Date Thesis Awarded
5-2023
Access Type
Honors Thesis -- Open Access
Degree Name
Bachelors of Science (BS)
Department
Computer Science
Advisor
Gang Zhou
Committee Members
Adwait Nadkarni
Huajie Shao
Eric Swartz
Abstract
In recent years, the growing market for smart home devices has raised concerns about user privacy and security. Previous works have utilized power auditing measures to infer activity of IoT devices to mitigate security and privacy threats.

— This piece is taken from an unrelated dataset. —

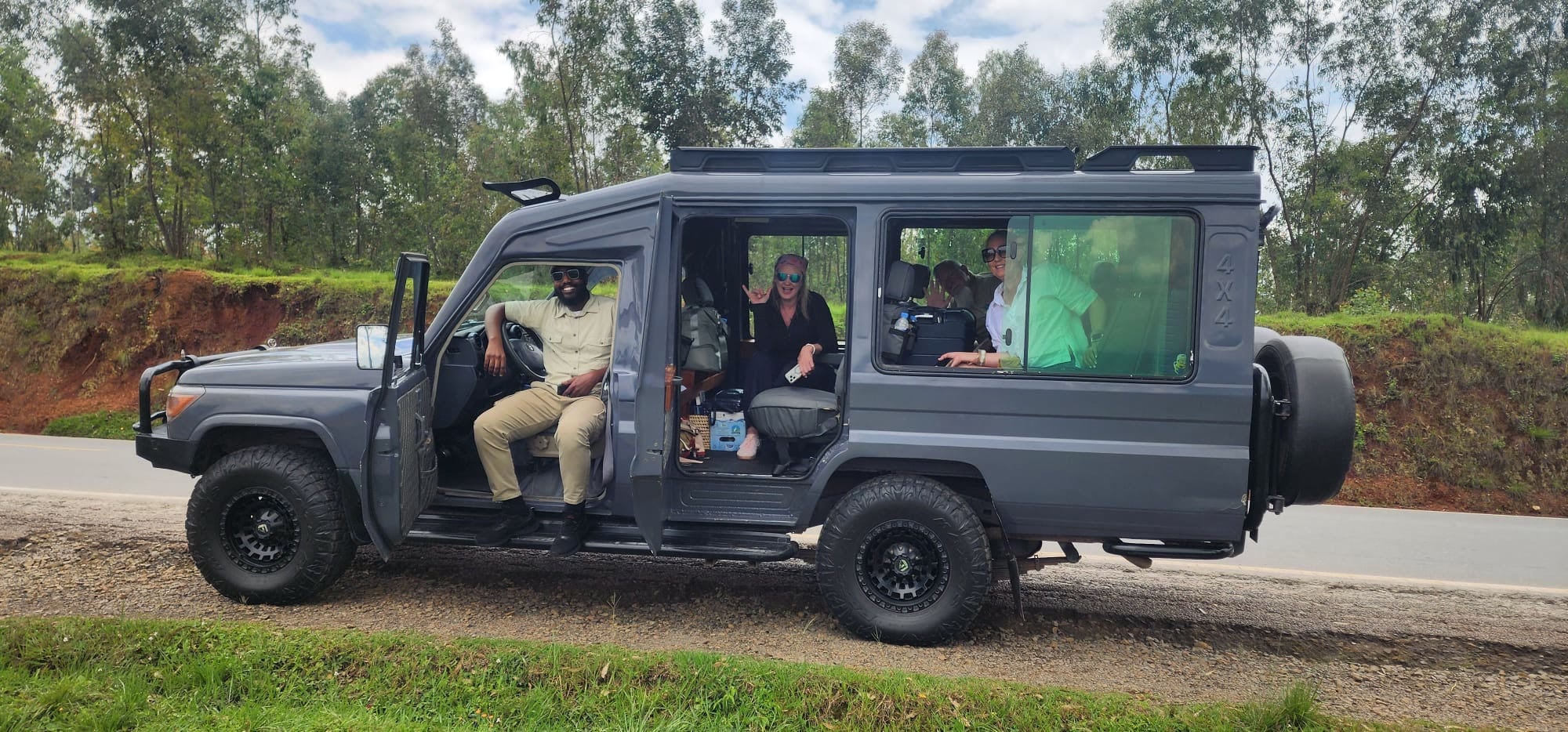 Smiling guests and their guide in a private 4×4 by a green roadside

In this thesis, we explore the potential of extracting information from the power consumption traces of smart home devices. We present a framework that collects smart home devices’ power traces with current sensors and preprocesses them for effective inference. We collect an extensive dataset of duration > 2h from 6 devices including smart speakers, smart camera and smart display. We perform different classification tasks including device identification and action classification and present accuracy and confusion matrices for each tasks. Our analysis reveals that from devices’ running power traces, we can accurately identify the type of smart device being used with 93% accuracy and subsequently infer user behavior with on average 92% accuracy.
Recommended Citation
Cui, Kailai, "Power Profiling Smart Home Devices" (2023). Undergraduate Honors Theses. William & Mary. Paper 2024.